There has been a lot written about the difference between Agile and Lean. Yes, Agile frameworks utilize Lean principles. But there are also Lean methodologies, such as six sigma. Kanban comes from lean, kanban board from agile. Elimination of waste or removal of bottlenecks in a workflow comes from lean but increased velocity is an agile concept. Continuous improvement is built into both. So what is the difference then?
My colleague told me recently that the distinction is simple: lean is about cost and agile is about time. Sounds nice but it is not that simple. Yes, there are timeboxed iterations in Scrum but cost reduction and effectiveness are as important as in lean. Yes, we want to eliminate waste in lean, but continuous improvement via retrospective is built into Scrum as well. So what is the difference (if it exists)?
I think that the difference is in the way of thinking, not the rules themselves. While Agile follows a lot of similar practices, Lean emphasizes personal responsibility of every person to exhibit the new way of thinking. The 2-second lean video became famous. What can be less appealing than a trash can? It turns out that a trash can motivated and energized thousands of people around the globe. At a small plant, employees come to work every morning and spend 15 minutes brainstorming and coming up with improvement ideas in any area of their choice. A redesigned trash can cover saves employees hundreds of hours monthly, and it was such a simple fix outside of the person's area of responsibility.
What does it mean to you? No matter what you do, employ lean thinking and ask yourself the questions: why are we doing what we are doing? what is the value? can we realize value elsewhere? how we can improve? where is the bottleneck(s)? how we can pivot and continuously improve?
I conducted Lean-Agile Training for internal participants recently. I showed them the "2-second lean" video, and as they moved through the presentation, I was looking at their faces. They all seemed to like the concept but were bored towards the end. When the short movie ended, I asked a question: "Who thought about your own improvement?" and the best answer I got was: "Since you did not instruct us to read past Chapter 5 and did not give us instruction to think of own ideas, we were sitting here doing nothing and waiting for others to finish." This is the scenario where lean thinking, which promotes ownership and initiativeness, does not apply.

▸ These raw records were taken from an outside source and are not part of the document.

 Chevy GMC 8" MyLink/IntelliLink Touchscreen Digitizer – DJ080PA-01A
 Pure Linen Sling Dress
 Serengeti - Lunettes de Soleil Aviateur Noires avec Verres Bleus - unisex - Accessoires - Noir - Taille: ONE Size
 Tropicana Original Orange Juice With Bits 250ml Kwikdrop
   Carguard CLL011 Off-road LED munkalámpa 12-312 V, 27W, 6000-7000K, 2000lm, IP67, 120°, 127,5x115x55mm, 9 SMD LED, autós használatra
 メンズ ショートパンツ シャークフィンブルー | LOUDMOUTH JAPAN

Another interesting example: next, I asked a 15-people training team to come up with lean improvements after watching this video. Since there was a garbage bin improvement in the video, everyone came up with facilities-related improvement ideas (bathrooms, light bulbs, elevator buttons) but the interesting part was that this was a software development team. While clearly seeing inefficiencies in the facilities area, they did not prioritize any items in their immediate sphere of ownership. While they could clearly see inefficiencies in other areas, they were not able to see them in their own domain or prioritize them high enough to resolve. When I raised this topic and the team suggested several inefficiencies to resolve in IT area (e.g. PPM form has too many fields, deployment process is necessarily complex), they did not assume ownership over those and rather, suggested that an Agile Coach (!) takes this ownership. Lean thinking is not easy, neither gets acquired fast.

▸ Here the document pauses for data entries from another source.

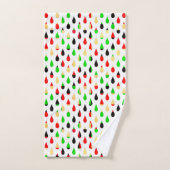 Moderne Kunst Waterdruppels Traandrop Patroon Hand Bad Handdoek (Handdoek)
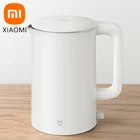 Электрический чайник XIAOMI MIJIA, термос из нержавеющей стали с функцией быстрого горячего закипания и контролем температуры, 1 А
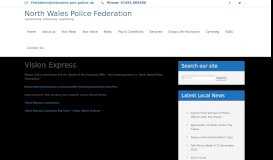 
							         Vision Express – North Wales Police Federation								  
							    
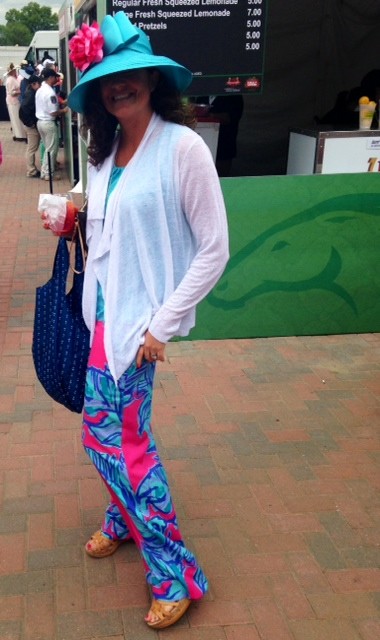 Pants at Oaks? It can be done classily!
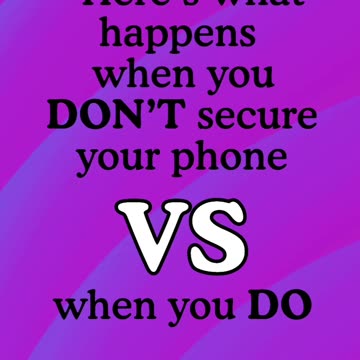 WITH VS WITHOUT MOBILE SECURITY | Secure your phones now!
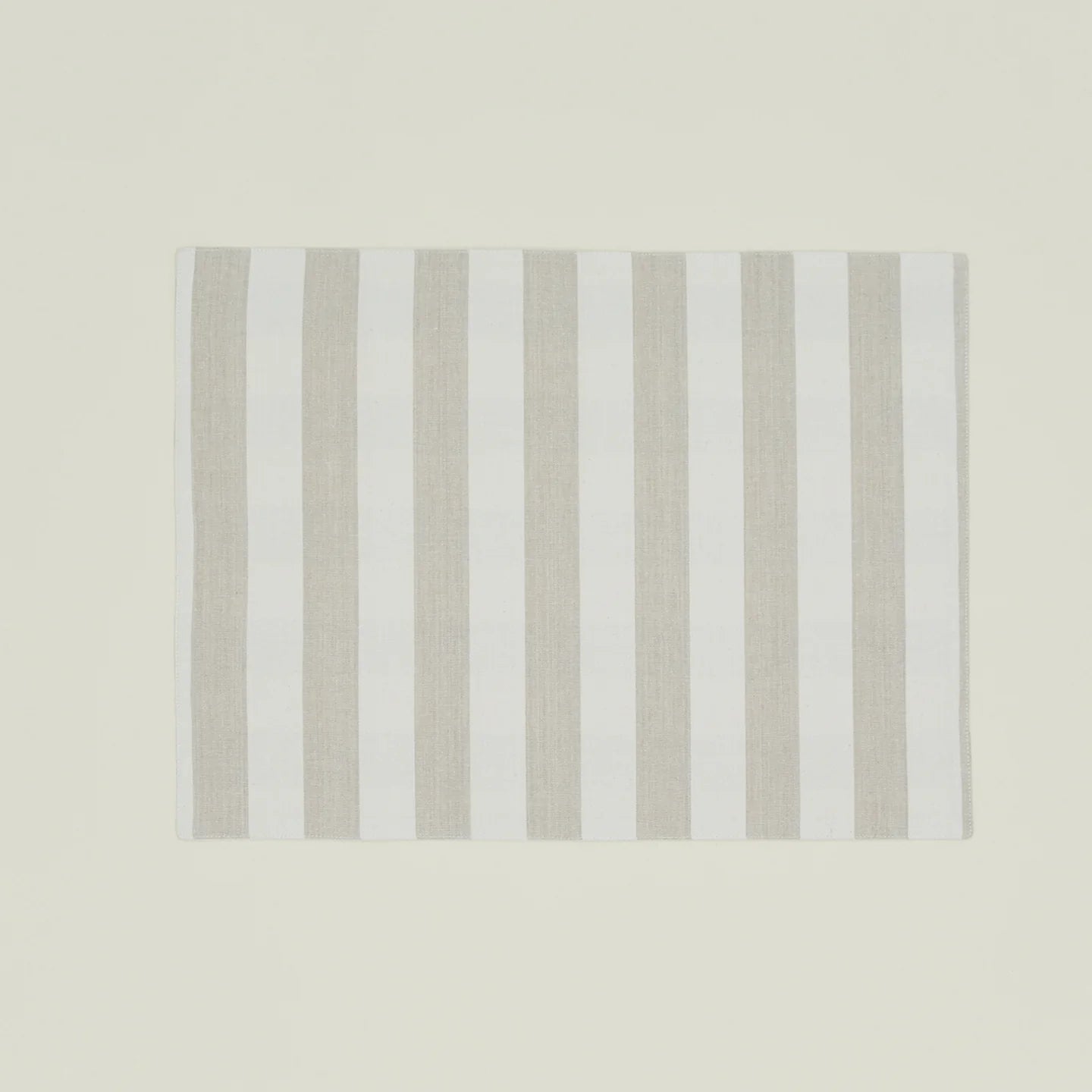 SALE - Striped Placemat - Ivory, Set of 4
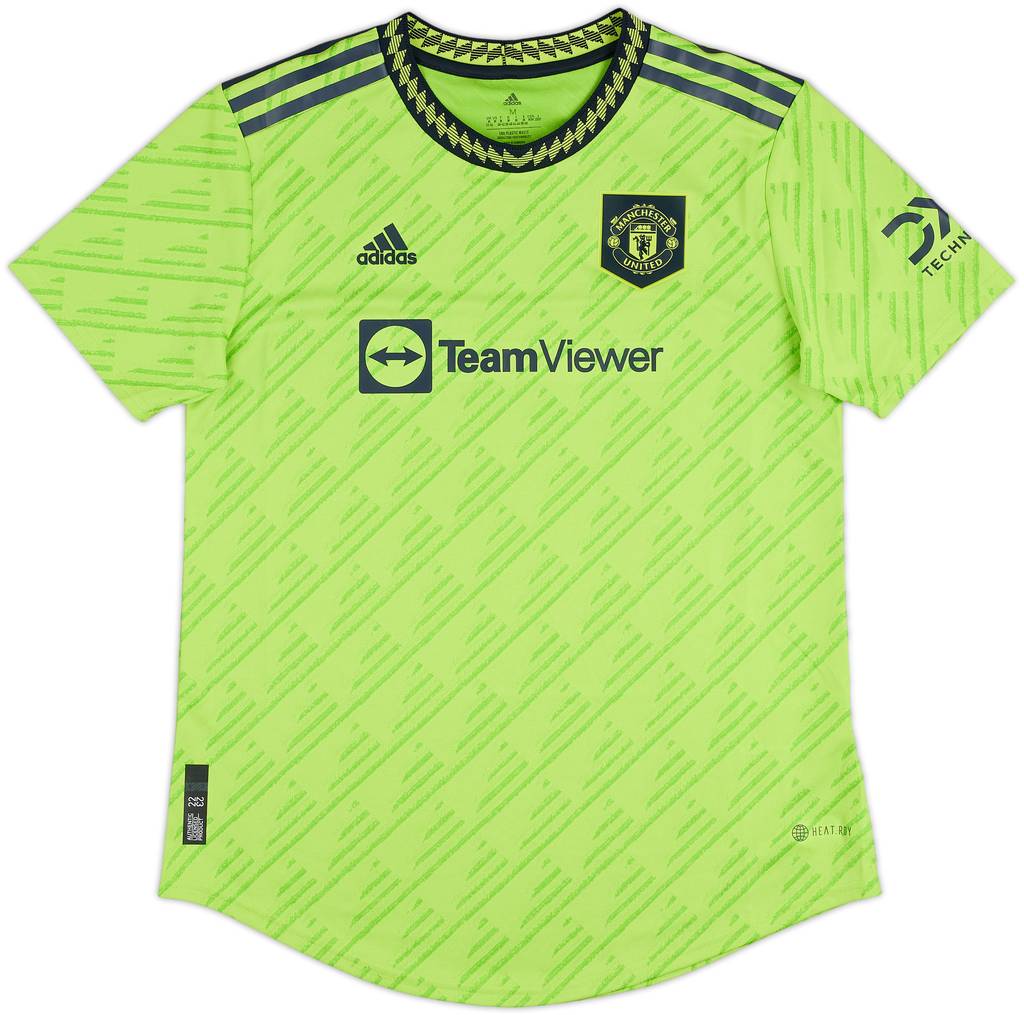 2022-23 Manchester United Authentic Third Shirt - 9/10 - (Women's M)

What does it mean to you? If you want to succeed in a modern fast paced world, become a lean thinker. See inefficiencies, identify them, quantify, suggest solutions, and own implementation. These are qualities of a true leader. Neither identifying issues nor owning resolution is easy, but it will give you visibility and the respect you deserve. As I mentioned in a previous post, every constraint is your best opportunity.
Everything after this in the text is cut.